EXCERPT: Terry Eagleton once remarked that regarding religion as an attempt to offer a scientific explanation of the world is rather like seeing ballet as a botched attempt to run for a bus. Eagleton gestures toward a confusion that often afflicts those who advocate for an essential conflict between science and religion — the assumption that the two enterprises are competing for the same explanatory territory. Were this to be true, conflict between them would indeed be pretty much inevitable. An alternative view holds science and religion to be essentially independent operations, concerned with quite different questions. On this model, conflict is unlikely. Equally, dialogue would be unnecessary, perhaps even impossible?

My initial expectation, on approaching Yves Gingras’s *Science and Religion: An Impossible Dialogue*, translated by Peter Keating, was that he might be undertaking an analysis of the conditions that would make a conversation between science and religion possible, and concluding that the requisite conditions could not be met. Something like this has been maintained by others, including the 19th-century churchman John Henry Newman, whose stance (as noted by Gingras) was that “Theology and Science, whether in their respective ideas, or again in their own actual fields, on the whole, are incommunicable, incapable of collision, and needing, at most to be connected, never to be reconciled.” An updated analysis along these lines would have been a welcome intervention into a field in which the merits of dialogue are often taken for granted. But the initial promise of the book’s title went unfulfilled. Gingras instead adopts an alternative and somewhat puzzling configuration: dialogue is impossible, and conflict inevitable.

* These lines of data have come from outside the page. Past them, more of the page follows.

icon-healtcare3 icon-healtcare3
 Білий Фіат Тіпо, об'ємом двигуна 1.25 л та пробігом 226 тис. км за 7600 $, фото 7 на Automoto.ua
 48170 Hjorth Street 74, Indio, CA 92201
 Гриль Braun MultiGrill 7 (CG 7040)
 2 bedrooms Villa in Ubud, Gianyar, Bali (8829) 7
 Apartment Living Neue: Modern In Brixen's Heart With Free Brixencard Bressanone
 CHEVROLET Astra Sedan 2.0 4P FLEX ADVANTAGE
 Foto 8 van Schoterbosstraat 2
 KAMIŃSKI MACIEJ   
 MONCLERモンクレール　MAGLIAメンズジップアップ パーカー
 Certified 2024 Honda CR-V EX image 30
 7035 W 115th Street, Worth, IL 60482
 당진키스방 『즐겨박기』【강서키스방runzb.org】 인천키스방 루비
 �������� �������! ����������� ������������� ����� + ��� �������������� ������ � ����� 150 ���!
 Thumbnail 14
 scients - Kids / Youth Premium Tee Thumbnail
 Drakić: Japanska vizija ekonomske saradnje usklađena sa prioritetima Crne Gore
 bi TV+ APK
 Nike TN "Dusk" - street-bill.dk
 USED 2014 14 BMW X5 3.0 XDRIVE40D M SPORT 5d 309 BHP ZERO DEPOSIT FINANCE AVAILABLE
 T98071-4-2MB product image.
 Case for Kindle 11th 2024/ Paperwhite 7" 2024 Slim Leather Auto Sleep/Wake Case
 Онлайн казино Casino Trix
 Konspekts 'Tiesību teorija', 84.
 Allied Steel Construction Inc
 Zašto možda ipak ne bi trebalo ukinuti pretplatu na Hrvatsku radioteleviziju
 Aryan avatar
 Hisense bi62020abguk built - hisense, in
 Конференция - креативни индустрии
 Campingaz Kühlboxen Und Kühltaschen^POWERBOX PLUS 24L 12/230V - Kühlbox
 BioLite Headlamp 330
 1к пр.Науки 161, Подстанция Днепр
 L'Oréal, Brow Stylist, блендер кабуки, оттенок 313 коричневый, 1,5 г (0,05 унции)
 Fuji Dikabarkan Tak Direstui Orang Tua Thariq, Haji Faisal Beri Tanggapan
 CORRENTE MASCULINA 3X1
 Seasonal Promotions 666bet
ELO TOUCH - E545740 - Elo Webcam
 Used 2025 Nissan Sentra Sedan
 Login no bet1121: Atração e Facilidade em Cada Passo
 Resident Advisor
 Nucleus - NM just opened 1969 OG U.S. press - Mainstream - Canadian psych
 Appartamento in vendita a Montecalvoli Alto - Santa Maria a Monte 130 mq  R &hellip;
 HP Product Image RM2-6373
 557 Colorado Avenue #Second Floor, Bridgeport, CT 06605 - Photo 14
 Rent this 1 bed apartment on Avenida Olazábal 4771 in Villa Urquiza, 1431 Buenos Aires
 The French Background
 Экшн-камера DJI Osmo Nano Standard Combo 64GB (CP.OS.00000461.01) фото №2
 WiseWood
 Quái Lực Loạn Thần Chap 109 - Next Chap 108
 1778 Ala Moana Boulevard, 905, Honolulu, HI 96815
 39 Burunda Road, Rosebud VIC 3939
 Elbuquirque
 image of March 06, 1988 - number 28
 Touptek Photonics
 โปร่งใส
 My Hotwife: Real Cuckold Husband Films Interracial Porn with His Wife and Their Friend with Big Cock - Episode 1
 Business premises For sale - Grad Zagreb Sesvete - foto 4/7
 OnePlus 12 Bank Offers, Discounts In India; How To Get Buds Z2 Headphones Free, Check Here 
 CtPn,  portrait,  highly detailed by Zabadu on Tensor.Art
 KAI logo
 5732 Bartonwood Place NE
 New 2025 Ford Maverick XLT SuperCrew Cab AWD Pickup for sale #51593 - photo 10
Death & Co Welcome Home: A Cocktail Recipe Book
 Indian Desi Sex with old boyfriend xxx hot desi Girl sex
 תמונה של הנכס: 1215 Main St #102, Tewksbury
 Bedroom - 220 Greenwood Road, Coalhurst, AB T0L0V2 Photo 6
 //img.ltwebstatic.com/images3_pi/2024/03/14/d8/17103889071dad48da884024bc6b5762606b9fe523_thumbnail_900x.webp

With this curious combination in mind we turn to the two stated aims of the book: first, to explain how the issue of the relations between science and religion, along with calls for a dialogue between them, came to be a significant topic of discussion in the 1980s; second, to analyze the historical relations between science and religion as institutions in the Western world since the 17th century.

For Gingras, what connects the two tasks is the work of historians of science over the past 40 years, and the consensus among them that there is no overarching pattern to past science-religion relations — neither perpetual harmony, nor unremitting conflict, only complexity. Indeed, historians of science-religion relations now routinely speak of “the conflict myth,” a distant and discredited historiography that arose in the 19th century. Gingras seeks to challenge this consensus and reinstate the older conflict model. A focus on institutions, he believes, will reveal the underlying pattern of conflict that our present-day historians all seem to have overlooked in their faddish insistence on complexities of history.

As for the increasing profile of the idea of science-religion dialogue since the 1980s, this, too, is laid at the feet of the same historians...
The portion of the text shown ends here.